• YOUR ASSIGNMENT
When you copy the listing, skip the images and return each line verbatim.

• RAW DATA
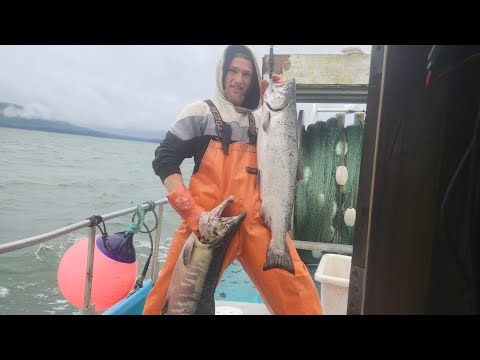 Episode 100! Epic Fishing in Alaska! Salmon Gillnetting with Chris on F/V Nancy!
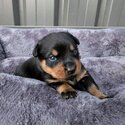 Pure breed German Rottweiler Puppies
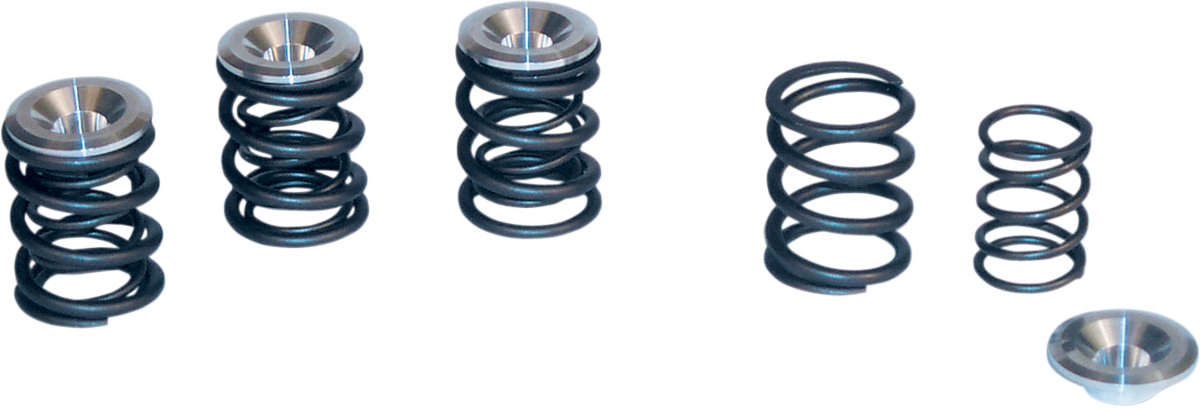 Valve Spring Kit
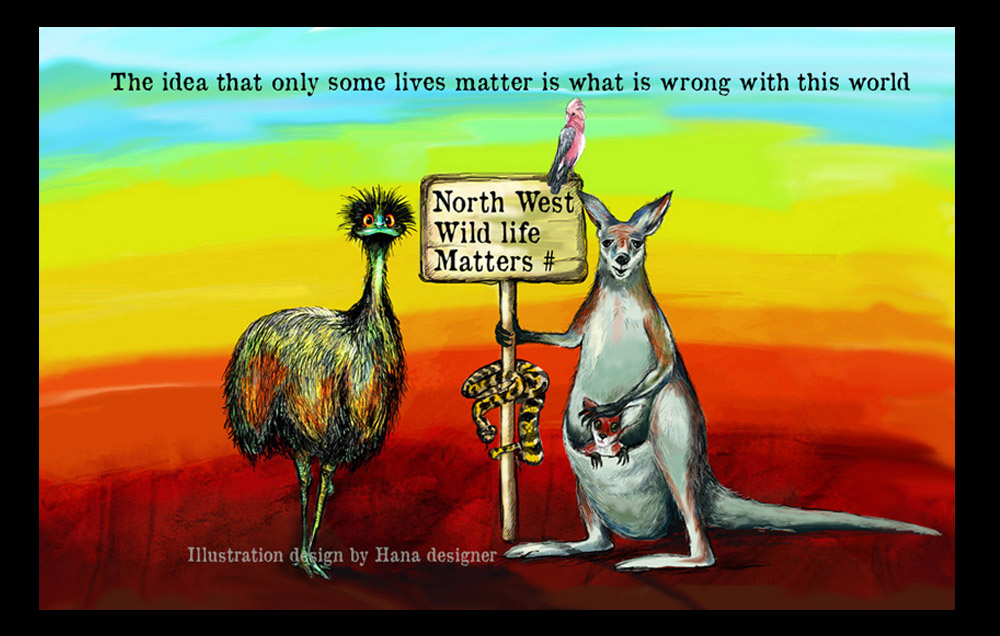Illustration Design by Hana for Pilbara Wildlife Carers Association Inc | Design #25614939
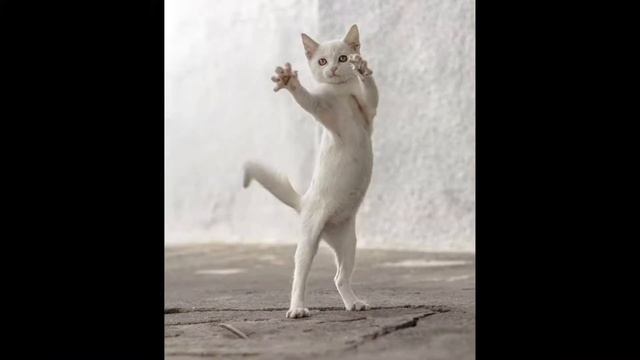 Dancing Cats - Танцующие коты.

• REPLY TO THE EXERCISE
 Episode 100! Epic Fishing in Alaska! Salmon Gillnetting with Chris on F/V Nancy!
 Pure breed German Rottweiler Puppies
 Valve Spring Kit
Illustration Design by Hana for Pilbara Wildlife Carers Association Inc | Design #25614939
 Dancing Cats - Танцующие коты.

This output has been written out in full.